Harvard Law will scrutinize use of slaveholders’ seal
School considers dropping allusion to Royall family
It has long appeared in nearly every corner of the prestigious school. But now Harvard Law School's official seal is under heavy scrutiny because it includes elements drawn from a slaveholding family's crest.
Following an outcry from students, officials from the school are examining the continued use of the seal, in what is the latest controversy over race and historic injustices on US college campuses in recent weeks.
"Symbols are important," Martha Minow, dean of the law school, said this week. "They become even more important when people care about them and focus on them."
The seal includes the Harvard motto "Veritas" as well as three bushels of wheat, the coat of arms of the Royall family, which owned and brutally abused slaves. Minow has assembled a special committee to research whether the seal should be discarded. She expects the group to make a recommendation by March.
At Harvard Law, a group of students called Royall Must Fall has spoken out against the seal, which has been used to represent the law school since the shield was first adopted nearly 80 years ago.
When someone defaced portraits of black law professors hanging in the law school's Wasserstein Hall using strips of tape in November, an incident that is being investigated as a hate crime, the group's message took on heightened meaning.
In a statement Tuesday, members of Royall Must Fall said they hoped that the committee would rule in their favor and recommend that the shield be rejected.
"We are pleased that [Harvard Law School] has formed this committee," the group said. "It is a step in the right direction, and we will continue to push for accountability so that the change takes place."
Students have said that replacing the seal would not erase the brutal history of the slave trade. "Instead, it would appropriately acknowledge the dark legacy of racism that is presently hidden in plain sight," the students wrote in a letter to Minow.
Harvard Law, considered one of the best law schools in the country, for generations has launched graduates into positions of power in business and government. Its graduates include President Obama, the nation's first black president. The White House said Tuesday that it had no comment on the seal controversy.
The special committee tasked with studying, discussing, and making recommendations about the seal will be composed of faculty, students, and an alumnus, according to Harvard officials.

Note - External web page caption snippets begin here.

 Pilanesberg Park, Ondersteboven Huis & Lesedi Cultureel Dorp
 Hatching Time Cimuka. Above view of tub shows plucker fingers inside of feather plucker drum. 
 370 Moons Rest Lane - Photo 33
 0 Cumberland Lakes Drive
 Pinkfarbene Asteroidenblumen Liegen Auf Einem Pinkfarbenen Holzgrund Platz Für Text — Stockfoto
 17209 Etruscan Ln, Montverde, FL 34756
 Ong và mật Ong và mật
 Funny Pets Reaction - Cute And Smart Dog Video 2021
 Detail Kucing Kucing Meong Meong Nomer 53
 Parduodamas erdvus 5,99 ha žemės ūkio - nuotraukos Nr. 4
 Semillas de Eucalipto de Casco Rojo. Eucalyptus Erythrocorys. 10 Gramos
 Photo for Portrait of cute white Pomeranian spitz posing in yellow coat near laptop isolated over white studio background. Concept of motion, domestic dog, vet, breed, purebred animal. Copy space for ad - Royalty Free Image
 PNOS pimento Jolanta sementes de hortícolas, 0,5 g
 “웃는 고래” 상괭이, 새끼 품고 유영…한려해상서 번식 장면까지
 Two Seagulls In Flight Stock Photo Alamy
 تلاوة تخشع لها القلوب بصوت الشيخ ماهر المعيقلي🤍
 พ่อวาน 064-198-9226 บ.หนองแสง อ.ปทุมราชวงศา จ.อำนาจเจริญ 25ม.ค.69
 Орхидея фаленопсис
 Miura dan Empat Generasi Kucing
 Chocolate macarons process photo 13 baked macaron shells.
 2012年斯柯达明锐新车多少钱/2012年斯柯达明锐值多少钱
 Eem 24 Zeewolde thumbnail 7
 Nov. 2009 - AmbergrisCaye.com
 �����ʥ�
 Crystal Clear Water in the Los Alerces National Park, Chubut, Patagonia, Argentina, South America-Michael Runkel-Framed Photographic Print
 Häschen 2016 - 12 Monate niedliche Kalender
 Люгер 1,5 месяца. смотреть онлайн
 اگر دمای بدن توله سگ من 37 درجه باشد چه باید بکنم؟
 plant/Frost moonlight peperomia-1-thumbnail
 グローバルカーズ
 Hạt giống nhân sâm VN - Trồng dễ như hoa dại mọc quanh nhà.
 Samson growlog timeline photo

The group will review comments and input from the school's community.
"Through that process, we will gain a better sense of what course of action should be recommended and pursued," Minow said.
Isaac Royall was a slave owner who left in his will land for Harvard College to sell and establish the first law professorship in his name. Royall's father "treated his slaves with extreme cruelty, including burning 77 people to death," according to a statement from the law school.
Although the younger Royall died in 1781, the seal wasn't designated until 1936, when the university celebrated its 300th anniversary.
The controversy surrounding the seal has recently reached a high pitch, but the seal's deeper meaning hasn't gone ignored in the past, according to law school professor Randall Kennedy.
"Has the relationship between the Royall family and the law school been talked about? Yes, it's been talked about," Kennedy said. "In the past few years, yes, it's been more talked about."
A 2011 study led by Harvard professors and students, called "Harvard and Slavery: Seeking a Forgotten History," highlighted the role that Royall's contribution played in helping to establish the law school.
"The labor of slaves underwrote the teaching of law in Cambridge," the researchers wrote.
The book "On the Battlefield of Merit," about Harvard Law School's first century, coauthored by Daniel R. Coquillette and Bruce A. Kimball, and published in October, also addresses the family's legacy.
"The last thing you want to do is deny that this happened — this did happen," Coquillette said Tuesday. "I'm very sympathetic with the students — it's like having the Confederate flag — but I don't like the idea of sanitizing the past. A school as great as Harvard Law School should confront its past, and deal with it."
Professor Janet Halley, who currently occupies the Royall Chair of Law, spoke about the chair's past when she was appointed in 2006.
She said in a telephone interview Tuesday that it is healthy for students to engage with the law school about the Royall family legacy. But Halley, who is on the committee that will review the seal, stopped short of recommending what she believes should happen to it.
"The upside would be that there would be this cathartic moment of saying no to its origins. But the danger would be that it could facilitate a forgetting of its origins," she said, calling the seal a visible reminder of the impure foundation of big institutions.
"I think it's a morally compelling thing we ought to really face, and I welcome that we would do so through a discussion. It's clear that there should be a lot of conversation about this by a lot of people, and we should consider this very thoroughly," she said.